/mlflow-reference-book

MLFlow advanced topics (research project)

Primary LanguageJupyter NotebookMIT LicenseMIT

About

A handbook + runbook for typical installations and experiments with MLFlow, Jupiter Notebooks, scikit-learn and other useful tools

00 Quickly run local instance of jupiter notebook

(with classic Iris flowers classification problem)

sudo docker build -t jpnotebook .

mkdir -p "$HOME/notebooks"
export JUPYTER_TOKEN='123'

sudo docker run -p 8888:8888 -p 5000:5000 \
  -u "$(id -u ${USER})":"$(id -g ${USER})" \
  -e JUPYTER_TOKEN=$JUPYTER_TOKEN \
  -v "$HOME/notebooks/":/home/jovyan/ -it jpnotebook

Jupiter server entry point is available at localhost:8888

Use token set in JUPYTER_TOKEN for authentication and copy your .ipynb to "$HOME/notebooks"

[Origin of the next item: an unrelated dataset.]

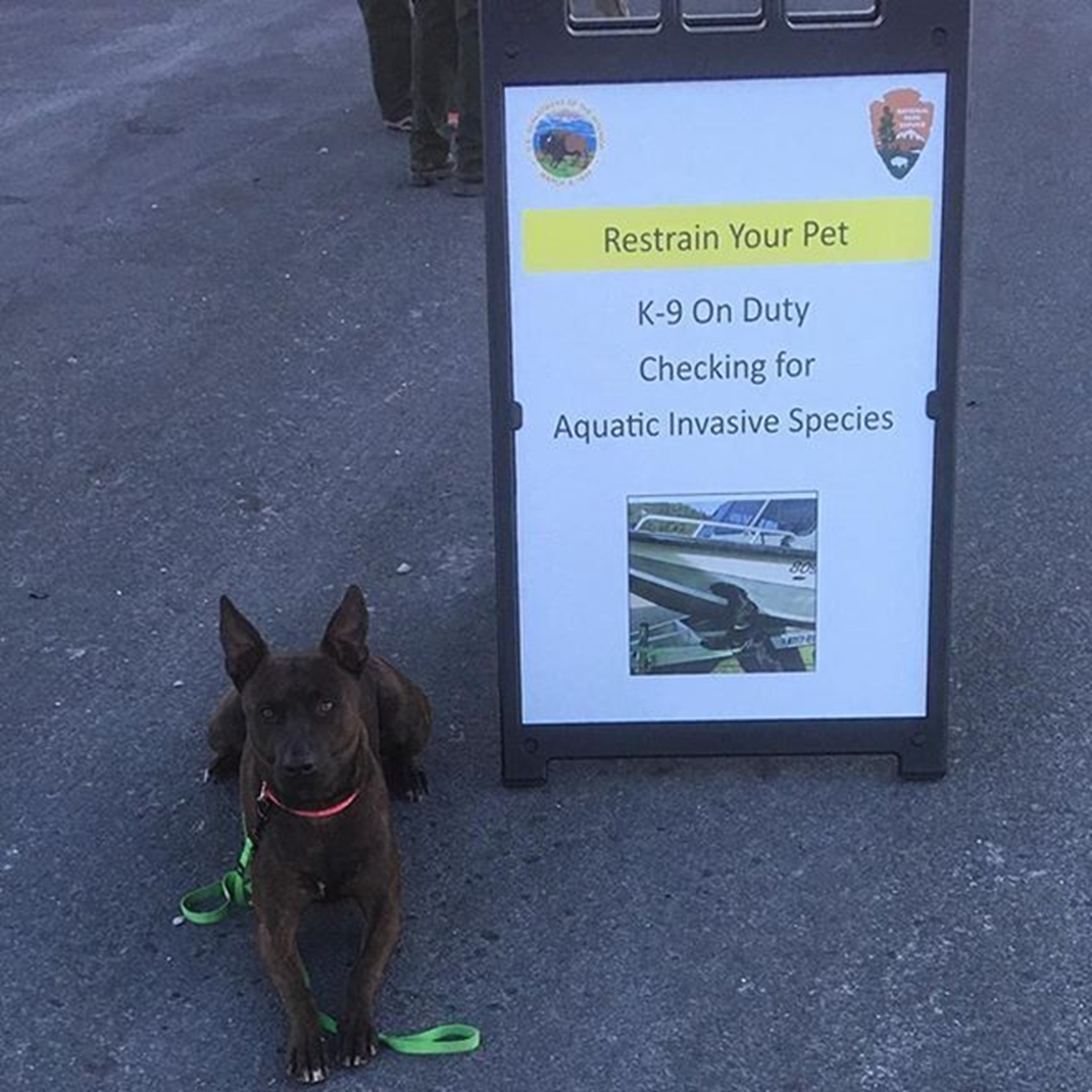 Boaters entering Lake Lopez on July 3 and July 4, 2023, will be greeted by mussel-sniffing dogs, who check boats for invasive shellfish.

Use CTRL + SHIFT + C to stop Jupiter server

The mlruns folder will be generated in root notebook folder and will contain all experiments with a sequential number as an experiment id.

The serialized model is put fe. into the following path: mlruns/0/c7f213c6530b4622a4d87a78264df7f4/artifacts/model/model.pkl

01 Training job in MLflow: random forest linear regression for stock exchange prices (local env or docker)

(using original data from yahoo API: https://finance.yahoo.com/quote/BTC-USD/)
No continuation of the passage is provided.